Lines from the one with "IsisNovafg with glossy" up to and including the one with "A paved outdoor" are to be copied exactly from the records below, without their pictures.

- [AVAILABLE DATA]

--------

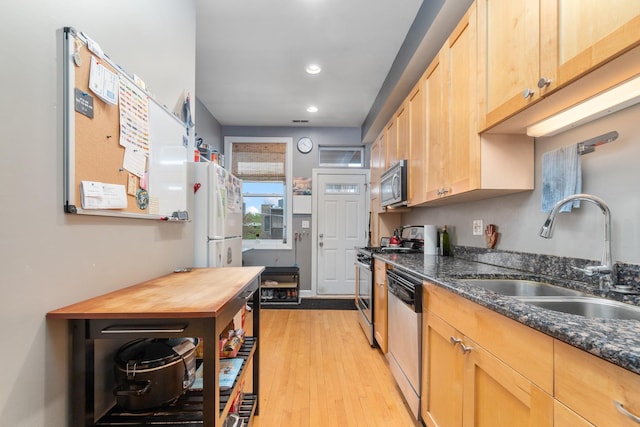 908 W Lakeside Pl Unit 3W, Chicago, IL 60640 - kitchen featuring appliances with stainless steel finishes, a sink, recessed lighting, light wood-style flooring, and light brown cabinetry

--------

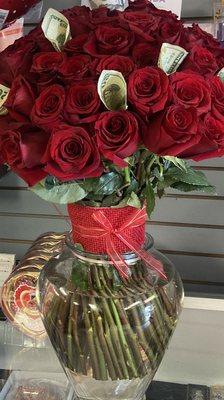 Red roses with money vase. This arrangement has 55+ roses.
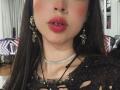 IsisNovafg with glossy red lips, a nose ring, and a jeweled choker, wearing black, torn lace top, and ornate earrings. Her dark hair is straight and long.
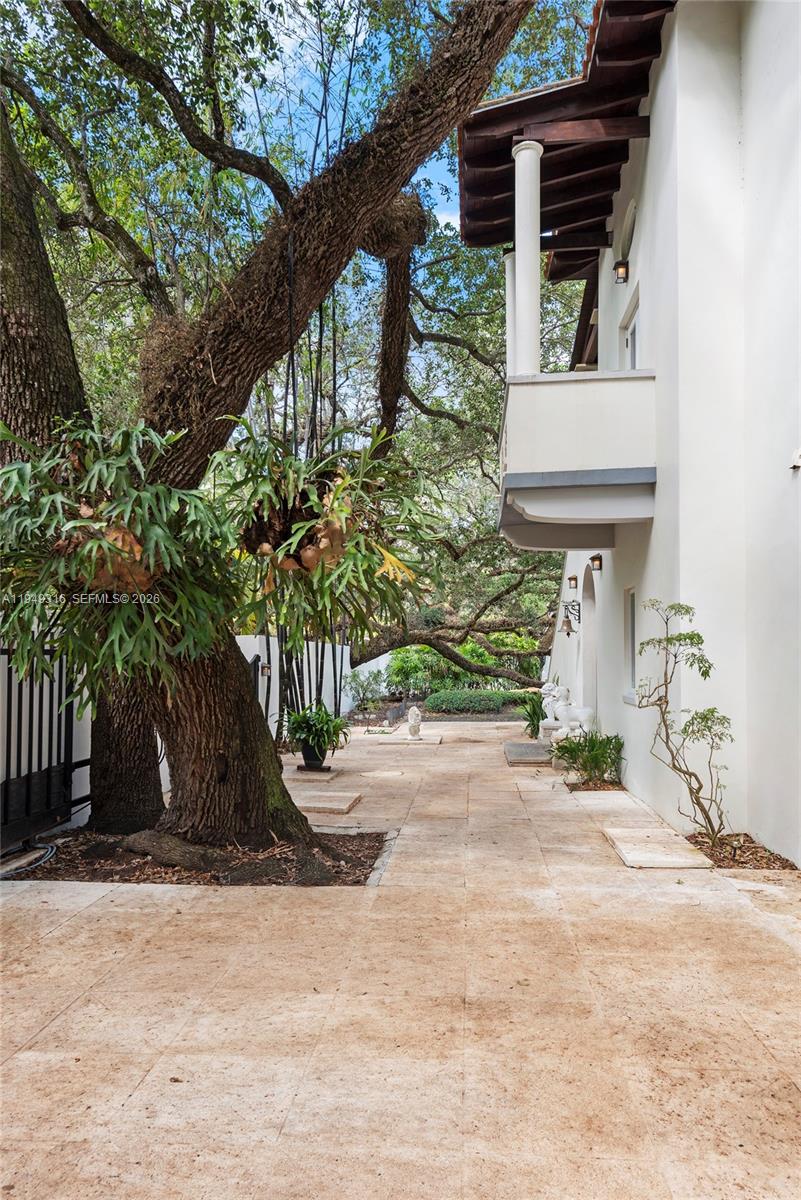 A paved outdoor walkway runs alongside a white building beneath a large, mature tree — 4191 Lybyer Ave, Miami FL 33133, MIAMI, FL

--------

- [SOLUTION TO THIS EXERCISE]
 IsisNovafg with glossy red lips, a nose ring, and a jeweled choker, wearing black, torn lace top, and ornate earrings. Her dark hair is straight and long.
 A paved outdoor walkway runs alongside a white building beneath a large, mature tree — 4191 Lybyer Ave, Miami FL 33133, MIAMI, FL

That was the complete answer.